Typically, borrowers need to pay a positive interest rate to entice a saver or investor to lend their funds instead of spending them. Negative rates are the opposite—savers who do not want to spend their funds are willing to pay borrowers to accept them.
In theory, nominal rates should never be negative because investors are better off holding currency, which earns a zero nominal rate, instead. In practice, holding large sums of currency incurs a convenience cost—it is bulky and can be lost or stolen. Buying a safe or renting a security deposit box are examples of costs associated with holding currency. Riskless negative rates can go at least low enough to equal the convenience cost of holding currency.
When inflation was high in the past, it was not unusual for real (inflation-adjusted) interest rates to be negative ex post. For example, if a nominal interest rate is 3%, but the inflation rate is 5%, then the investment will be worth less in the future in terms of the goods and services it can be used to purchase. In that sense, negative rates are not novel; what is novel is for nominal interest rates to be negative.
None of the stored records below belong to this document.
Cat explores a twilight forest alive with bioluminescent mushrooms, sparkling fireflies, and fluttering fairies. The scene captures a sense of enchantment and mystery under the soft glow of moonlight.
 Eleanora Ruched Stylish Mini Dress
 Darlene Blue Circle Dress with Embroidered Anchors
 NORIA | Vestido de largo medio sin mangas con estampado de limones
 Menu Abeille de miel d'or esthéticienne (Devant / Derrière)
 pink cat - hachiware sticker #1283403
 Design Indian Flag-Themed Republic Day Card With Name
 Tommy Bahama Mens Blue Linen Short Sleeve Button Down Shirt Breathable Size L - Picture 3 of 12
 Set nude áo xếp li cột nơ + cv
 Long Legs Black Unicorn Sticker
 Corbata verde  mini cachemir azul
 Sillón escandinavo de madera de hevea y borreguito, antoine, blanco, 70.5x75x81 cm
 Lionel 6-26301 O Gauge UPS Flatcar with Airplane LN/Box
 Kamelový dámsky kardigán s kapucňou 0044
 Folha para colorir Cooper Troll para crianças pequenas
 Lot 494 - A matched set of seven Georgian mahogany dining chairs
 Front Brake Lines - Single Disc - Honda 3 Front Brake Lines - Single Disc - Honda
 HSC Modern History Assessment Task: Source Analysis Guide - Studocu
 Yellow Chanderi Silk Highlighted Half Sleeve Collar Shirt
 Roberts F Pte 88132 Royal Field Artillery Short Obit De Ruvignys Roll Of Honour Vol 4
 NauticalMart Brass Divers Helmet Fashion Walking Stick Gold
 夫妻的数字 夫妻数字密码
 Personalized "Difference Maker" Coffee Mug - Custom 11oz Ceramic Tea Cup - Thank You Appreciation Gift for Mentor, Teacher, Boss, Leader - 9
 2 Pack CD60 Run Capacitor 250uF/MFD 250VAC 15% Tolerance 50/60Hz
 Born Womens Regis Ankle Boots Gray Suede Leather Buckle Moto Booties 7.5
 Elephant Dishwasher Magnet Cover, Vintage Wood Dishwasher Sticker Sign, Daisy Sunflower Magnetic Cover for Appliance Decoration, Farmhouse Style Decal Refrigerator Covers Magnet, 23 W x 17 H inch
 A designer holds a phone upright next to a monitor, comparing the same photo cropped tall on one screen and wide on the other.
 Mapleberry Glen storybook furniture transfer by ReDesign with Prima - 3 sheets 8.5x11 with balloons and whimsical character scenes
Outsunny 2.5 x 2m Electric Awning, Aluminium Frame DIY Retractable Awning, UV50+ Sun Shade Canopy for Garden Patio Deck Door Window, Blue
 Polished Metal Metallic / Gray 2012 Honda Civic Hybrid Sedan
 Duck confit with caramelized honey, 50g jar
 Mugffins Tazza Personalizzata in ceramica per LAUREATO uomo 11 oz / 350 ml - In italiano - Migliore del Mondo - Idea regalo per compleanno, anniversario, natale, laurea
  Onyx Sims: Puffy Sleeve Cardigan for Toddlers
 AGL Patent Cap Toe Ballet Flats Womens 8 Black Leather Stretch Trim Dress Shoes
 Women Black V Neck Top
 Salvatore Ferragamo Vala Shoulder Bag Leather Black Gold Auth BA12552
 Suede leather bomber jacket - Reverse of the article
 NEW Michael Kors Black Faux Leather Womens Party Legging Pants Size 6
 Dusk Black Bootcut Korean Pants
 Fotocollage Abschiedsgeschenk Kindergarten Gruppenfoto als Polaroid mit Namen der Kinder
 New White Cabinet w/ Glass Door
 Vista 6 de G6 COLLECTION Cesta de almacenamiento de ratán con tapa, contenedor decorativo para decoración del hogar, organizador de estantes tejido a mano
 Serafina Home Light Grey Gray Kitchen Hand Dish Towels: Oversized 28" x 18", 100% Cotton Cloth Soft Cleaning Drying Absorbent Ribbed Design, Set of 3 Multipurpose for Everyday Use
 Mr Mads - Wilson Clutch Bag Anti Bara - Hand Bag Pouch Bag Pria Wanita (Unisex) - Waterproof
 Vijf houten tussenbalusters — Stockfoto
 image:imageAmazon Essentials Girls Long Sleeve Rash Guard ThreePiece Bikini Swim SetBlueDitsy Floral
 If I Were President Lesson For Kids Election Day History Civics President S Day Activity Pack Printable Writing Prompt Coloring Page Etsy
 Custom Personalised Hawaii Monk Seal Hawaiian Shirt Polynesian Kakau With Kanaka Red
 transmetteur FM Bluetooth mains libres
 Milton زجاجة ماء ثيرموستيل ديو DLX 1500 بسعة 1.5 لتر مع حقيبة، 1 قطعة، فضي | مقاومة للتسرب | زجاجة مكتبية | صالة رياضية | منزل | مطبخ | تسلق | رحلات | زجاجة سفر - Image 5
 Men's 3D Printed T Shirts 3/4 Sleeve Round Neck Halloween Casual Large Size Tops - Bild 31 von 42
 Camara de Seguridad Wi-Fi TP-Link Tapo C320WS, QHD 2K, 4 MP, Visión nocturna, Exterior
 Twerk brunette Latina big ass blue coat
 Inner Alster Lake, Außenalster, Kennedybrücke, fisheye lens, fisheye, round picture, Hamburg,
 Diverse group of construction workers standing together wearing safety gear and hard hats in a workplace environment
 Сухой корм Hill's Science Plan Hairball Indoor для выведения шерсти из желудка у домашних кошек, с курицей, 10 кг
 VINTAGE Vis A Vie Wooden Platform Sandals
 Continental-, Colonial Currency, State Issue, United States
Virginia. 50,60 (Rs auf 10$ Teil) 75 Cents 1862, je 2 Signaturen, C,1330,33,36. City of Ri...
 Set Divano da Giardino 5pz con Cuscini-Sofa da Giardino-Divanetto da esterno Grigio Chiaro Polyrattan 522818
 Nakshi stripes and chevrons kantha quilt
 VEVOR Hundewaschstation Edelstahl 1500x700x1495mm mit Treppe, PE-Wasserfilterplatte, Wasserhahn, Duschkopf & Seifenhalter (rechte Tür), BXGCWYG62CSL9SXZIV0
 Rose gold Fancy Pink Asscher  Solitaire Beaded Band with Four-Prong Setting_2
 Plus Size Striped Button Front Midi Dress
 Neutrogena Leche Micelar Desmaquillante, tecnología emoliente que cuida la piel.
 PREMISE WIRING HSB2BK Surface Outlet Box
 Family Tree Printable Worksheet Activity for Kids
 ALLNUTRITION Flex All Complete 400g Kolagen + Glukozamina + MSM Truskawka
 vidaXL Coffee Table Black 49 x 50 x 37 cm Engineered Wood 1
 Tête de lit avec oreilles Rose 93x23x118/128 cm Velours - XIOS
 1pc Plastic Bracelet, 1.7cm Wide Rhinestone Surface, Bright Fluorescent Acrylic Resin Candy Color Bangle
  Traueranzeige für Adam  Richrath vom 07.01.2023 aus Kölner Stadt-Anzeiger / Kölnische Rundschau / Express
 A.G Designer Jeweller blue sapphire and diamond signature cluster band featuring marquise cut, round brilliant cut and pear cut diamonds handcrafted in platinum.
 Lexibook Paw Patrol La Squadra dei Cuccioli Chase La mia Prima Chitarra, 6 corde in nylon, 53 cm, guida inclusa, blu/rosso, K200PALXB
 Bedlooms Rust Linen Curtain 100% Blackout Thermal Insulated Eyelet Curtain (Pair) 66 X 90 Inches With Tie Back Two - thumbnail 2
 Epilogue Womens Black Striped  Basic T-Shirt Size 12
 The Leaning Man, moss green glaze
In a few foreign economies, including the euro area, Switzerland, and Japan, central banks have purposely set some short-term interest rates used to carry out monetary policy at negative levels. While each country has a slightly different monetary policy framework, the negative rates they set are most analogous in the United States to the rate that the Federal Reserve (Fed) pays banks to deposit reserves at the Fed. In countries with negative rates, banks instead pay to deposit reserves at their central bank.
In these economies, negative policy rates have fed through to some market interest rates, such as government bond yields for some maturities. Government bonds are useful to financial actors as collateral and to meet certain regulatory requirements—apparently, useful enough that investors are willing to pay for the right to own them. Even some mortgages and corporate bonds reportedly have negative rates, despite the default risk.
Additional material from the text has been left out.